Re: [Spark UI] Spark 2.3.1 UI no longer respects spark.ui.retainedJobs

Posted by Patrick Brown <pa...@gmail.com>.
On my production application I am running ~200 jobs at once, but continue
to submit jobs in this manner for sometimes ~1 hour.

The reproduction code above generally only has 4 ish jobs running at once,
and as you can see runs through 50k jobs in this manner.

I guess I should clarify my above statement, the issue seems to appear when
running multiple jobs at once as well as in sequence for a while and may as
well have something to do with high master CPU usage (thus the collect in
the code). My rough guess would be whatever is managing clearing out
completed jobs gets overwhelmed (my master was a 4 core machine while
running this, and htop reported almost full CPU usage across all 4 cores).

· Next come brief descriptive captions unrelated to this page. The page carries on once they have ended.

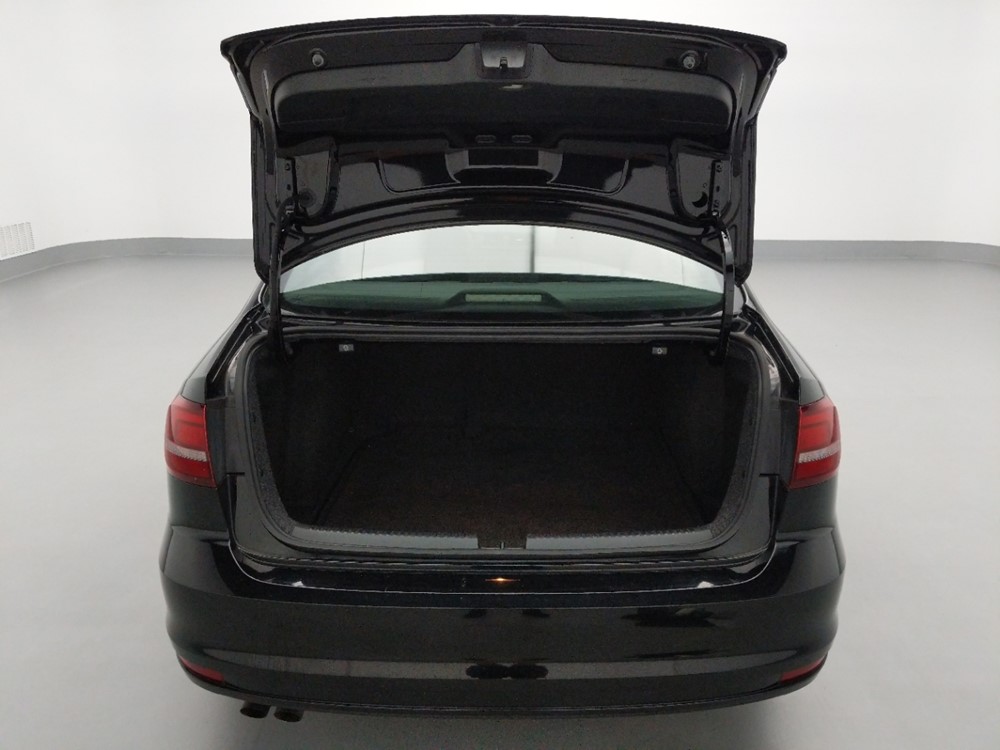 2016 Volkswagen Jetta - Trunk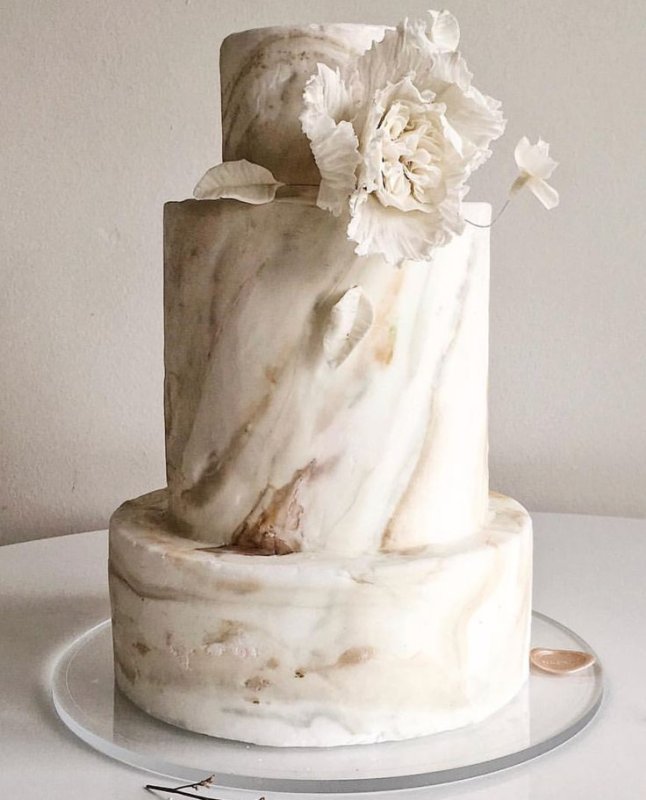 Мраморный торт на свадьбу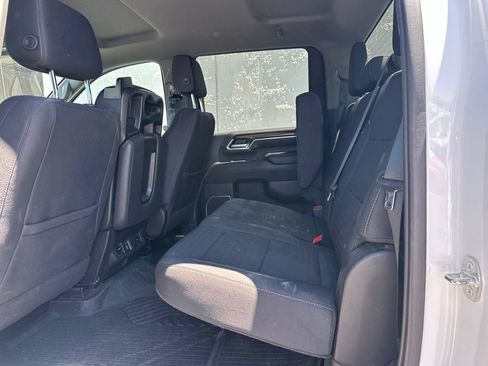 Used 2024 Chevrolet Silverado 3500 LT w/ Convenience Package AWD/4WD image 9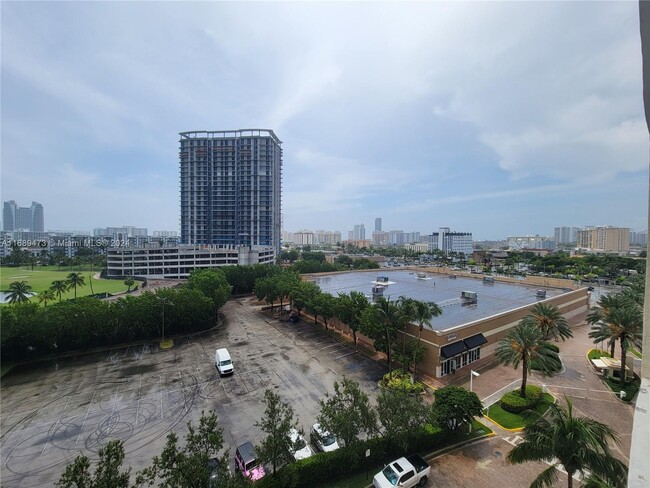 Building Photo - 1755 E Hallandale Beach Blvd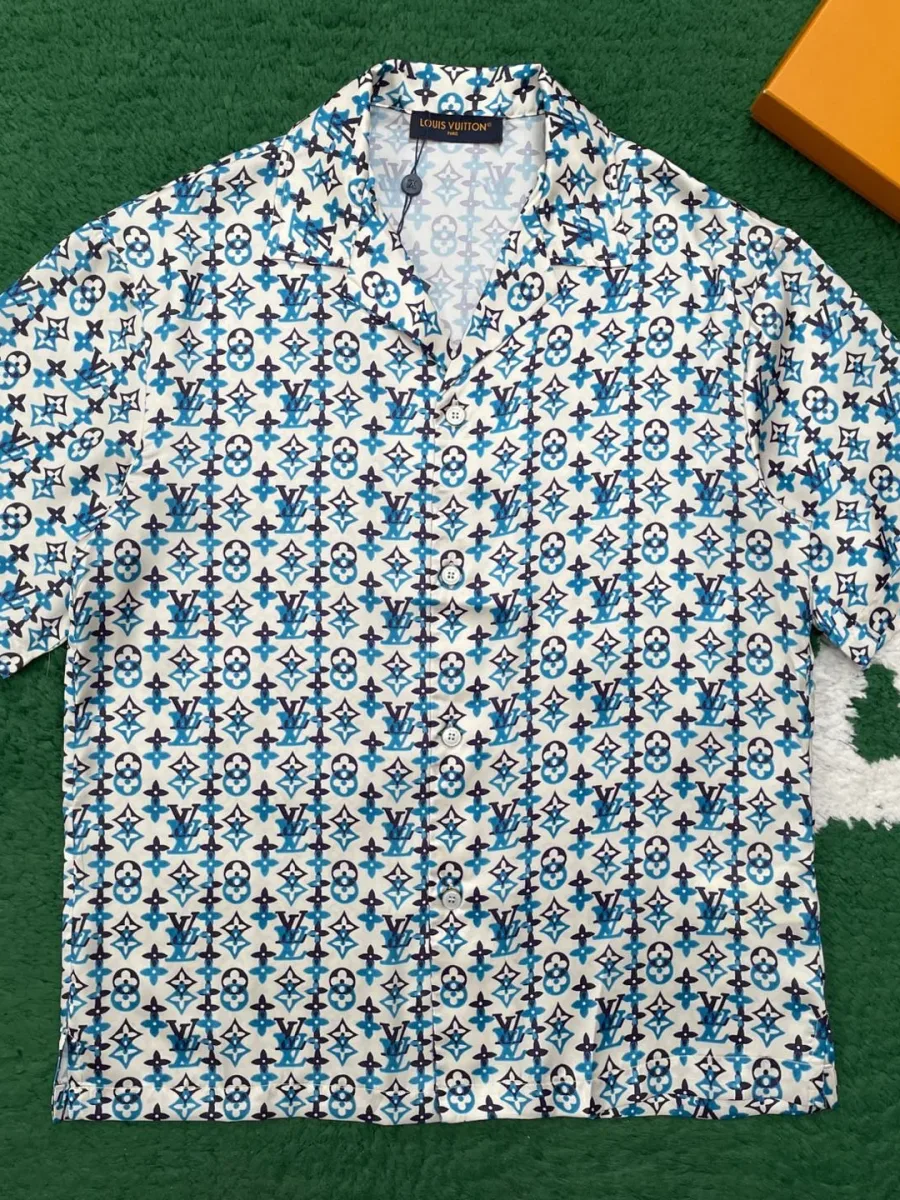 Мужская рубашка с коротким рукавом и синим узором Monogram, вид спереди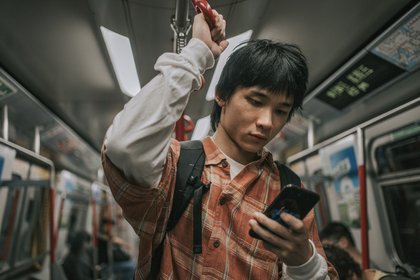 In Cina la Gen Z paga per essere ascoltata: nasce la terapia via sms a risposta immediata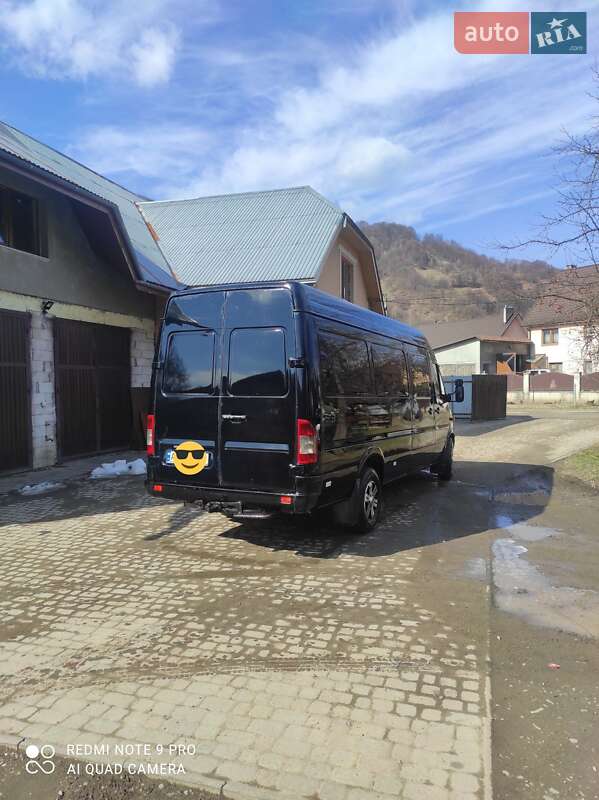 Мікроавтобус Mercedes-Benz Sprinter 2004 в Тячеві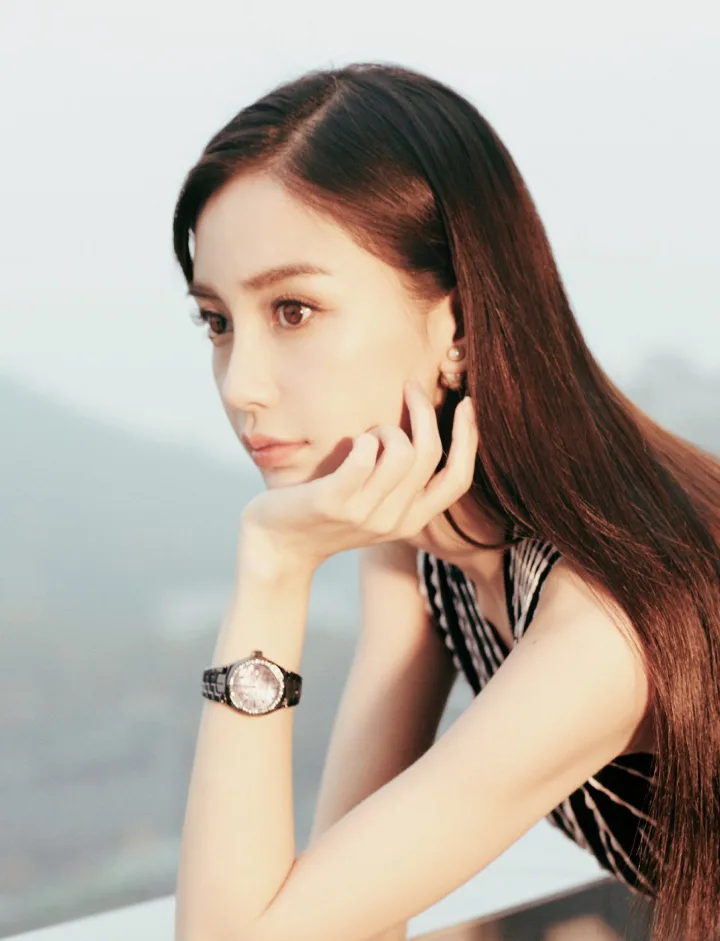 杨颖山景前一袭黑裙亭亭玉立，柔美眼神藏不住妩媚 第4张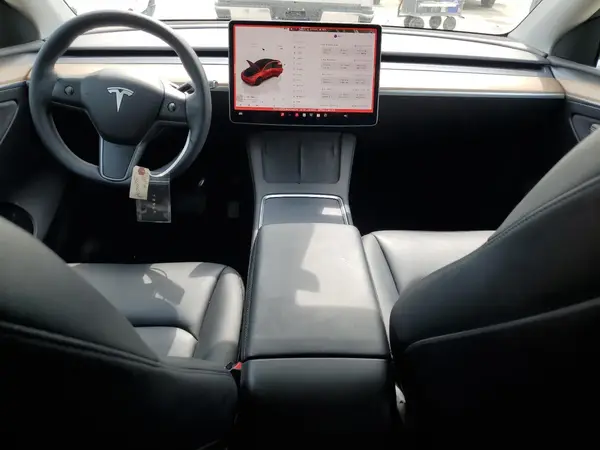 7SAYGDEE4NA019234 2022 TESLA MODEL Y - Image 8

The attached screenshot shows the state of the webui after running the
repro code, you can see the ui is displaying some 43k completed jobs (takes
a long time to load) after a few minutes of inactivity this will clear out,
however as my production application continues to submit jobs every once in
a while, the issue persists.

On Wed, Oct 24, 2018 at 5:05 PM Marcelo Vanzin <va...@cloudera.com> wrote:

> When you say many jobs at once, what ballpark are you talking about?
>
> The code in 2.3+ does try to keep data about all running jobs and
> stages regardless of the limit. If you're running into issues because
> of that we may have to look again at whether that's the right thing to
> do.
> On Tue, Oct 23, 2018 at 10:02 AM Patrick Brown
> <pa...@gmail.com> wrote:
> >
> > I believe I may be able to reproduce this now, it seems like it may be
> something to do with many jobs at once:
> >
> > Spark 2.3.1
> >
> > > spark-shell --conf spark.ui.retainedJobs=1
> >
> > scala> import scala.concurrent._
> > scala> import scala.concurrent.ExecutionContext.Implicits.global
> > scala> for (i <- 0 until 50000) { Future { println(sc.parallelize(0
> until i).collect.length) } }
> >
> > On Mon, Oct 22, 2018 at 11:25 AM Marcelo Vanzin <va...@cloudera.com>
> wrote:
> >>
> >> Just tried on 2.3.2 and worked fine for me. UI had a single job and a
> >> single stage (+ the tasks related to that single stage), same thing in
> >> memory (checked with jvisualvm).
> >>
> >> On Sat, Oct 20, 2018 at 6:45 PM Marcelo Vanzin <va...@cloudera.com>
> wrote:
> >> >
> >> > On Tue, Oct 16, 2018 at 9:34 AM Patrick Brown
> >> > <pa...@gmail.com> wrote:
> >> > > I recently upgraded to spark 2.3.1 I have had these same settings
> in my spark submit script, which worked on 2.0.2, and according to the
> documentation appear to not have changed:
> >> > >
> >> > > spark.ui.retainedTasks=1
> >> > > spark.ui.retainedStages=1
> >> > > spark.ui.retainedJobs=1
> >> >
> >> > I tried that locally on the current master and it seems to be working.
> >> > I don't have 2.3 easily in front of me right now, but will take a look
> >> > Monday.
> >> >
> >> > --
> >> > Marcelo
> >>
> >>
> >>
> >> --
> >> Marcelo
>
>
>
> --
> Marcelo
>

Re: [Spark UI] Spark 2.3.1 UI no longer respects spark.ui.retainedJobs

Posted by Marcelo Vanzin <va...@cloudera.com.INVALID>.
When you say many jobs at once, what ballpark are you talking about?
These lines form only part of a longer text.